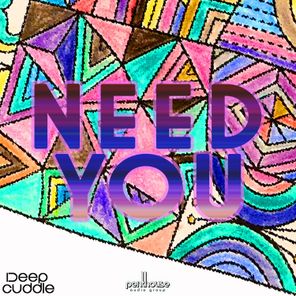 Deep Cuddle – Need You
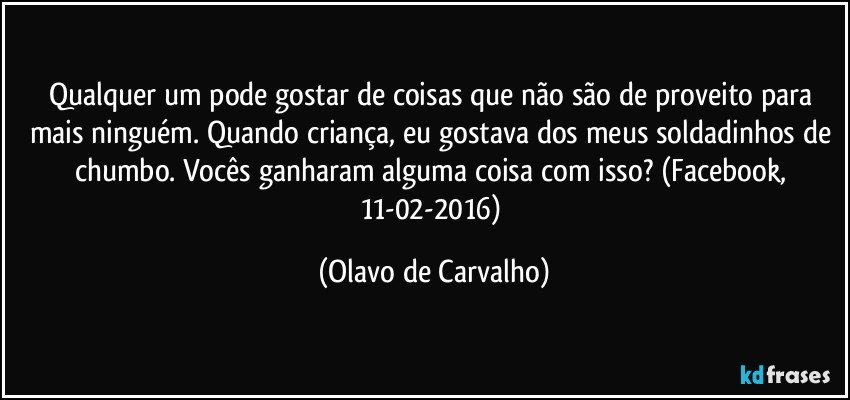 Qualquer um pode gostar de coisas que não são de proveito para mais ninguém. Quando criança, eu gostava dos meus soldadinhos de chumbo. Vocês ganharam alguma coisa com isso? (Facebook, 11-02-2016) (Olavo de Carvalho)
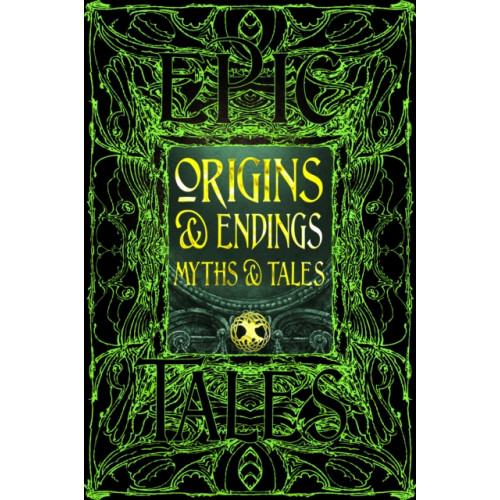 Flame Tree Publishing Origins & Endings Myths & Tales (inbunden, eng)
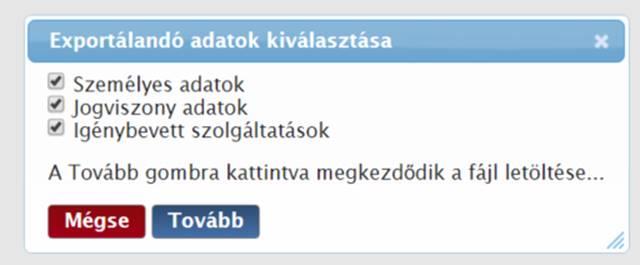 A Kérelemhez felvett személyek ablakba a lista alján található az Adatok exportálása gomb, amely megnyomásával indítható az exportálás folyamat.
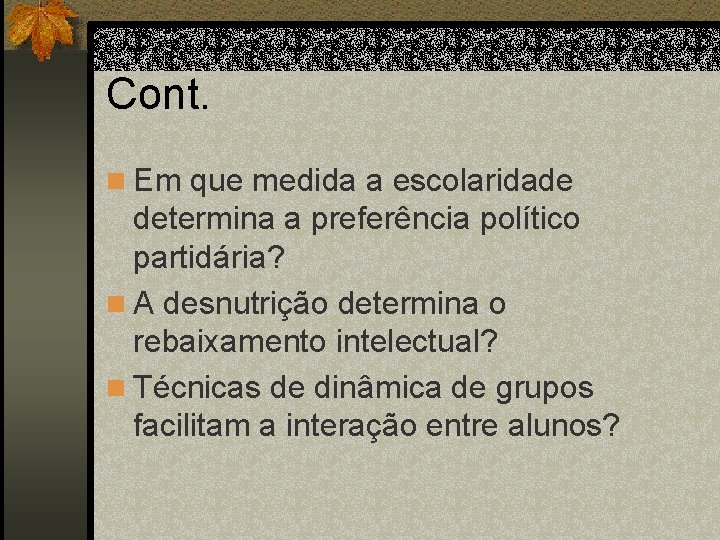 Cont. n Em que medida a escolaridade determina a preferência político partidária? n A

| What is expected |
Please leave out the pictures as you reproduce the lines exactly, from the first line of the entries through the line containing "Flame Tree Publishing".

| Response |
 Deep Cuddle – Need You
 Qualquer um pode gostar de coisas que não são de proveito para mais ninguém. Quando criança, eu gostava dos meus soldadinhos de chumbo. Vocês ganharam alguma coisa com isso? (Facebook, 11-02-2016) (Olavo de Carvalho)
 Flame Tree Publishing Origins & Endings Myths & Tales (inbunden, eng)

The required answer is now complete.